Description of the organisation

From Stockholm University, two units are involved in COMFORT: the Stockholm Resilience Centre (SRC) and the Department of Environmental Science and Analytical Chemistry (ACES). SRC is a trans-disciplinary research centre that advances the understanding of complex social-ecological systems, such as tipping points, and generates new and elaborated insights and means for the development of management and governance practices. SRC has its focus on making a difference for sustainable development by building a world-leading research centre that would take the interdisciplinary research on linked ecological and social systems significant steps forward and provide insights and means for the development of management and governance practices in order to secure ecosystem services.

ACES is a multidisciplinary department that gathers scientists from diverse fields in the natural sciences to study environmental phenomena. The department is very productive and publishing >140 high-impact peer- reviewed papers each year. Environment and Climate is a central priority for SU. The climate change, Arctic and its relationship with large-scale carbon cycles is a centrally defined research area at SU. The QS World Univ Ranking 2016 placed SU as 5th in the World in subject area Environ. Sci. and Engineering.

 

Expertise particularly relevant for the project

SRC and ACES have been involved in many marine-related and climate related EU projects e.g. ELME, KNOWSEAS, Nunataryuk; BONUS projects (ECOSUPPORT, RECOCA, HYPER, INSPIRE, BLUEWEBS);

NorMER (Nordic Centre for Research on Marine Ecosystems and Resources under Climate Change); and finally SWERUS-C3 (Swedish-Russian-US Arctic Ocean Investigation of Climate-Cryosphere-Carbon Interactions). Prof. Örjan Gustafsson (ACES) has been awarded the prestigious ERC Advanced Grant in Environmental and Geosciences.
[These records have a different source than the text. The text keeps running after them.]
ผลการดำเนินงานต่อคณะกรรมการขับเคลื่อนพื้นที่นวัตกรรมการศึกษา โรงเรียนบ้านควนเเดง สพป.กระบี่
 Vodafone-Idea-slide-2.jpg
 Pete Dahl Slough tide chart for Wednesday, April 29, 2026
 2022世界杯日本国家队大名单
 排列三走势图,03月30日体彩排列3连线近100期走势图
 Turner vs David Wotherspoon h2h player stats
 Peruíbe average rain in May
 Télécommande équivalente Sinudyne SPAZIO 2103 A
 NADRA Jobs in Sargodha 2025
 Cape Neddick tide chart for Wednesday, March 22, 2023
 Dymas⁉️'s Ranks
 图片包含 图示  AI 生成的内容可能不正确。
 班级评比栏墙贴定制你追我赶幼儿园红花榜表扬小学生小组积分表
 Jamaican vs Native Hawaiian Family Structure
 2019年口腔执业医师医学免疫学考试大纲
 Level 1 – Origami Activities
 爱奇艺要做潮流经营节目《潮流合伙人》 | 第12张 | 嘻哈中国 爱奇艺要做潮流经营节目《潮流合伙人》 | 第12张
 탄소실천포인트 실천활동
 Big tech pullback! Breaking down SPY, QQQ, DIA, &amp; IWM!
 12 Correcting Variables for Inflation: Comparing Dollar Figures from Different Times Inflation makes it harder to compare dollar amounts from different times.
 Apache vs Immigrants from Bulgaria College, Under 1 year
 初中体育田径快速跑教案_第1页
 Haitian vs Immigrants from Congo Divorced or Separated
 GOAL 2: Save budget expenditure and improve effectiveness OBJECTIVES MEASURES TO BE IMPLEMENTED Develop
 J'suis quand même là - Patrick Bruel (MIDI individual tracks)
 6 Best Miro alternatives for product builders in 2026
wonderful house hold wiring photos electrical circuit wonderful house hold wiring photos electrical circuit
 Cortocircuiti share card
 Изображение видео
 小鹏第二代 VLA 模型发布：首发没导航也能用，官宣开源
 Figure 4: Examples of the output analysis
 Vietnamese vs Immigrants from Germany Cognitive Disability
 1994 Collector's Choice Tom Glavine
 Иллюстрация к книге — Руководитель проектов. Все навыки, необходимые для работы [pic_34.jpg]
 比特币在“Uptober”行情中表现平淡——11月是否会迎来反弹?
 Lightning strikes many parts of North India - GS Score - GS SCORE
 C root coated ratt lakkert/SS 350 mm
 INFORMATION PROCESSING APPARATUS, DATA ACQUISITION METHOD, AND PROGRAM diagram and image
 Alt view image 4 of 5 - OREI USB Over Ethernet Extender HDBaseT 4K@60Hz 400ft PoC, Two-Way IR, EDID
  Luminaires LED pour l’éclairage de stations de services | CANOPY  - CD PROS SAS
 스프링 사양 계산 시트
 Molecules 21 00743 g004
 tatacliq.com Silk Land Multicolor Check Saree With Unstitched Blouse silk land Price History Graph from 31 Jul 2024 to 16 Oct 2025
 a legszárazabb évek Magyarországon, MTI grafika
ACES has long-term experience in climate-related issues such as carbon cycling, permafrost thawing. The group of Örjan Gustafsson focus in particular on abrupt releases of methane (+CO2/N2O) from thawing coastal and subsea permafrost and from collapsing Arctic slope hydrates and their impacts such as ocean acidification.

SRC has long-term experience in system dynamics, the theory of resilience and tipping points, the analysis of abrupt ecosystem change including tipping points using long-term observations and model results. The methodological portfolio of the group includes advanced, non-linear statistical and process modelling approaches. SRC has also long-term experience in synthesising and co-designing research with stakeholders.